- Information supplied:
◇ ◇ ◇
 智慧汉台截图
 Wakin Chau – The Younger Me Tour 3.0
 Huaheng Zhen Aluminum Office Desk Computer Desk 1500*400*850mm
◇ ◇ ◇
- Work order: Word for word, restate each line of the material.

- Response to this task:
 智慧汉台截图
 Wakin Chau – The Younger Me Tour 3.0
 Huaheng Zhen Aluminum Office Desk Computer Desk 1500*400*850mm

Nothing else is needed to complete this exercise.